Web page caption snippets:

####################

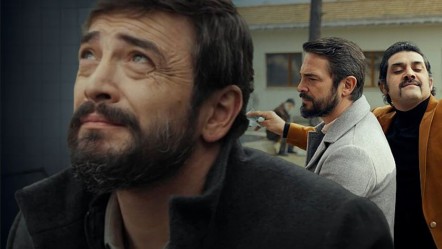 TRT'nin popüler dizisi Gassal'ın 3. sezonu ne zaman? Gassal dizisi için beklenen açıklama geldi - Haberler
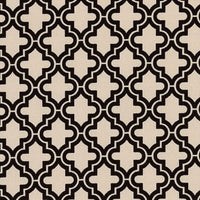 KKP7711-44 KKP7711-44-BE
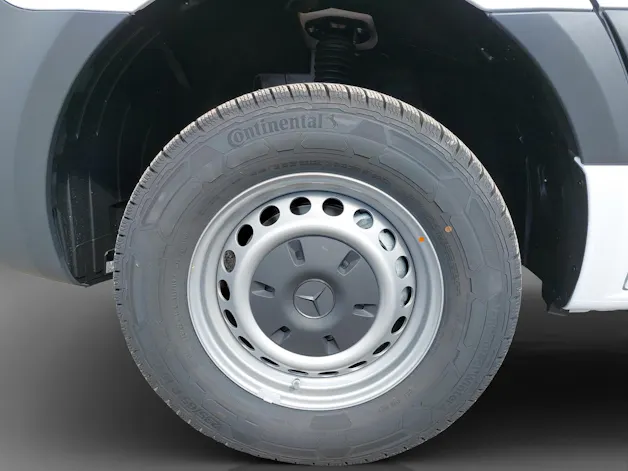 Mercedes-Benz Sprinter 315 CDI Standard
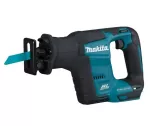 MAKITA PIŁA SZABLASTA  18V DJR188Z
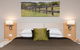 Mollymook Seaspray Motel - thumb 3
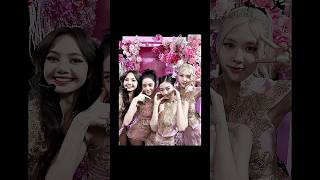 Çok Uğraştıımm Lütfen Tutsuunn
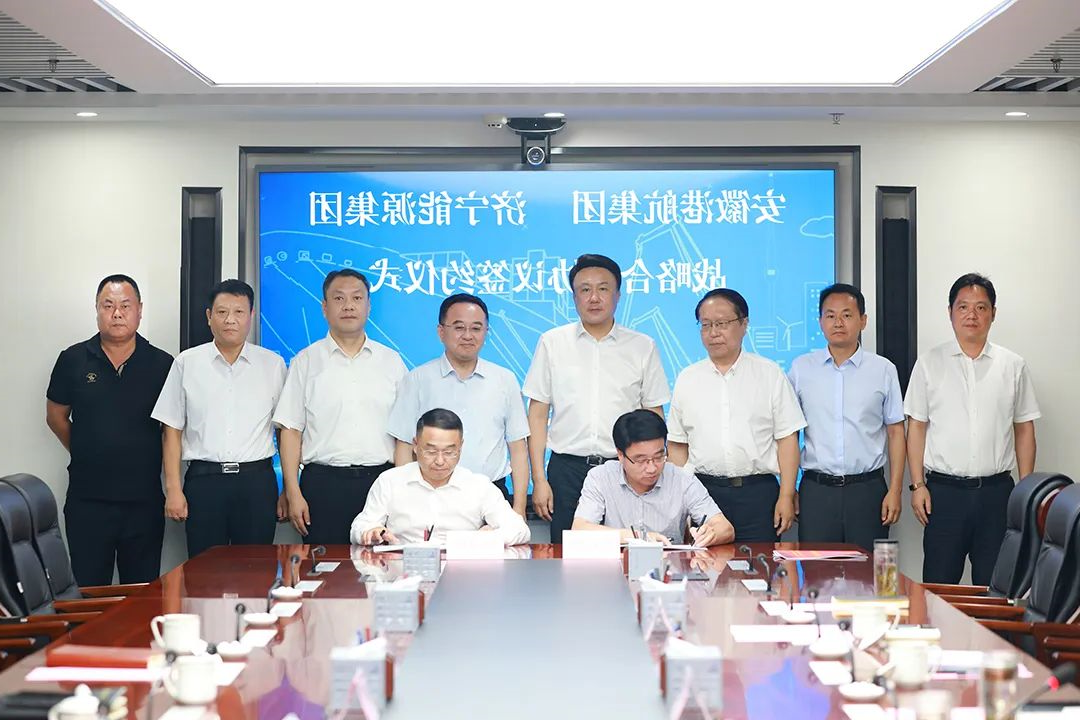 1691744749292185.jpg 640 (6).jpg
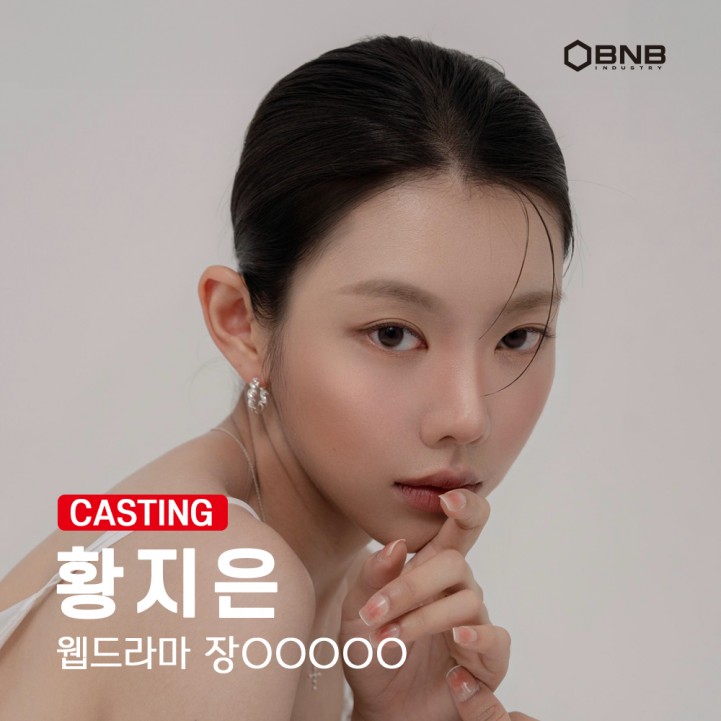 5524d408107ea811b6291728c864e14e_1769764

####################

▸ **What to work on**
Output the records exactly. Drop the images.

▸ **Reply to the task**
 TRT'nin popüler dizisi Gassal'ın 3. sezonu ne zaman? Gassal dizisi için beklenen açıklama geldi - Haberler
 KKP7711-44 KKP7711-44-BE
 Mercedes-Benz Sprinter 315 CDI Standard
 MAKITA PIŁA SZABLASTA  18V DJR188Z
 Mollymook Seaspray Motel - thumb 3
 Çok Uğraştıımm Lütfen Tutsuunn
 1691744749292185.jpg 640 (6).jpg
 5524d408107ea811b6291728c864e14e_1769764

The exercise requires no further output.